Hay un rincón del mundo donde los niños olvidan el celular, se llenan de barro,
doman caballos y se atreven a ser ellos mismos.
Un lugar donde la libertad no se enseña: se vive. Ese lugar se llama Iwana Camp,
y no es solo un campamento: es una chispa que enciende infancias.
Una historia que nació del instinto y un dinosaurio doméstico
La fundadora de Iwana Camp —una mujer que estudió Educación Física, Ciencias Sociales, Historia del Arte y hasta Administración de Empresas— encontró su propósito viendo a sus hijos regresar de un campamento en Venezuela con las mejillas encendidas y los ojos brillantes. Allí, entre carpas y caballos, comprendió que todo lo que había vivido cobraba sentido. Como un rompecabezas emocional.
“Iwana” viene del taíno y significa iguana. Inspirado en la mascota de su hijo —una iguana viva que alguna vez fue el dinosaurio del hogar—, el nombre resuena también como un llamado del alma: I wanna camp. Una coincidencia feliz, como tantas cosas mágicas que ocurren bajo el cielo estrellado de Iwana.

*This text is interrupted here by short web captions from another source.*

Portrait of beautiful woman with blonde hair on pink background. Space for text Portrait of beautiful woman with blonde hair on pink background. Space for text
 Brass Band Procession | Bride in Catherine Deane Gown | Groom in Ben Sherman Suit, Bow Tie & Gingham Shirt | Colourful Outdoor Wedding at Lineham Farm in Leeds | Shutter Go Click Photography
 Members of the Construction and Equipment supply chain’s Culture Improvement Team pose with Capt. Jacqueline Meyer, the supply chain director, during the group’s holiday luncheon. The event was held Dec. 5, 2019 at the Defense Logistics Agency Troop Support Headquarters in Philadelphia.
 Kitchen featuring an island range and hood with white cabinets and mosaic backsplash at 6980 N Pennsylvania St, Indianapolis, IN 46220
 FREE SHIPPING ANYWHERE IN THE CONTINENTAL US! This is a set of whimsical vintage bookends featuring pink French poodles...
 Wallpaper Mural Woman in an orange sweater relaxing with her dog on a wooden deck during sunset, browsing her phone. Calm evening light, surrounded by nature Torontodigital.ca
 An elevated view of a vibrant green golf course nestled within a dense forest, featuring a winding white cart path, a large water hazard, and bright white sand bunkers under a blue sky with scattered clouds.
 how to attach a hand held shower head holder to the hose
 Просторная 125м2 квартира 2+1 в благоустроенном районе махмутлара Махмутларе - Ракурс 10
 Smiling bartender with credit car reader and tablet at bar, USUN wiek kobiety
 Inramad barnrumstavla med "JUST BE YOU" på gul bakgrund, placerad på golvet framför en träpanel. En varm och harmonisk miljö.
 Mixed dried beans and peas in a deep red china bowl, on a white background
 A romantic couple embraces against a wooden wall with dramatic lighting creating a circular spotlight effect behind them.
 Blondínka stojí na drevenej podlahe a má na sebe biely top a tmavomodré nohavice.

Ocho días sin pantallas, pero con miles de historias
Cada día en Iwana es una sinfonía de naturaleza, aprendizaje y diversión. Las mañanas están llenas de actividades como cabalgatas, escalada, tiro con arco o arte. Las tardes se encienden con competencias entre tribus y electivos que los niños eligen según sus pasiones. Las noches son puro ritual: juegos, teatro, fogatas, estrellas y una calma que abraza.
Y aunque al inicio les cuesta soltar el celular, pronto lo olvidan. Porque aquí no hay filtros, hay tierra en las uñas, risas de verdad y ojos que se miran directo. Porque en Iwana no se postea, se vive.
Crecer sin darse cuenta
Iwana Camp no solo divierte. Transforma. Los niños llegan acelerados, como torbellinos urbanos, y poco a poco se conectan con un ritmo más profundo. Aprenden a enfocarse, a cuidar sus cosas, a elegir por sí mismos. Se hacen responsables sin que nadie les diga que tienen que serlo.
¿La anécdota más potente? Una niña que lloró toda la noche pidiendo irse… y al día siguiente, montada en un caballo, miró a su mamá y le dijo: “Ya no me quiero ir”. Se quedó los diez días. Y volvió al año siguiente. Iwana tiene ese poder: el de girar el corazón.
Un equipo hecho con lupa (y alma)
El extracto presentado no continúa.